Kennedy lit another cigar and made himself a bit more comfortable. I was conscious of not having moved during the whole recital of the story. My cramped muscles ached, and I moved a sleeping leg with some difficulty. The noise of the ceaseless drums beat on my ears more aggravatingly than ever. We waited silently. He went on:
"Well, there isn't much more to tell. Birney came to me the following morning with white lips and begged me to go to Carson's room. I had parted from him the night before feeling that I had effectually quieted his aroused nerves. Birney's frightened countenance left me cold. I opened Carson's door, and found him sitting before the mirror, clasping in one hand a large revolver. I saw what happened in a moment. While Birney ran for the servants I looked down at the smile which had frozen itself into the tight lips of the dead man. I have always been a close observer. At this time I was especially so. I couldn't for the life of me figure out why Carson had killed himself so suddenly. Then, as I heard the steps of the servants down the hallway, my eye caught the end of a red tie protruding from a book lying on the table. I glanced back at Carson's body, and then in the mirror for some unknown reason. I saw the book clearly. The glass was cheap and the red tie seemed to waver and fade in the distance. After they took him away I sat down in the chair myself. Turning my head slightly to the left, I could catch just a glimpse of the tie. I was startled by it. To my muddled mind it seemed to be a monstrous spider. In a flash the whole thing came over my mind. Poor Carson had returned to his room thinking that he would get a good night's sleep. He lit the light; this was still burning, by the way, and sat down before his dresser for a second. Perhaps he was looking for something in one of the drawers. He found it, I have no doubt. When the cold steel touched his sensitive fingers he must have started back and gained his first glimpse of the tie resting in the book. I tried the same trick. I knew which drawer the revolver was kept in, as I had often seen him take it out before we went beyond the compound on a business trip. That was when the order first went into effect that no white man could go out without a revolver or rifle.

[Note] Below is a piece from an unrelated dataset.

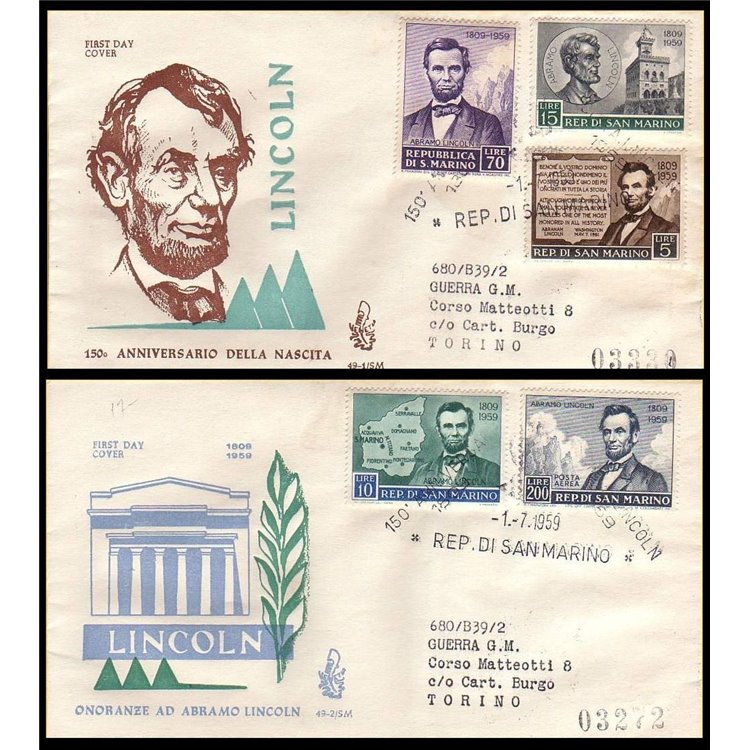 SAN MARINO 1959 FDC (Venice) Abraham Lincoln collect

"Still sitting in the chair, I lifted my hand, as though I were holding the weapon, and pointed it over my shoulder. The reflection in the glass was so indistinct and blurred that it was difficult to aim at the book. It was clear enough to me then. He had meant to shoot what he thought was a tarantula and had by mistake killed himself. In fact the bullet had passed through the back part of his head. I have never said anything about this before because of Birney. He was sorry enough afterward, as it was, without my adding the true story of how Carson died. I have never felt that I had a right to until I learned of Birney's death the other day."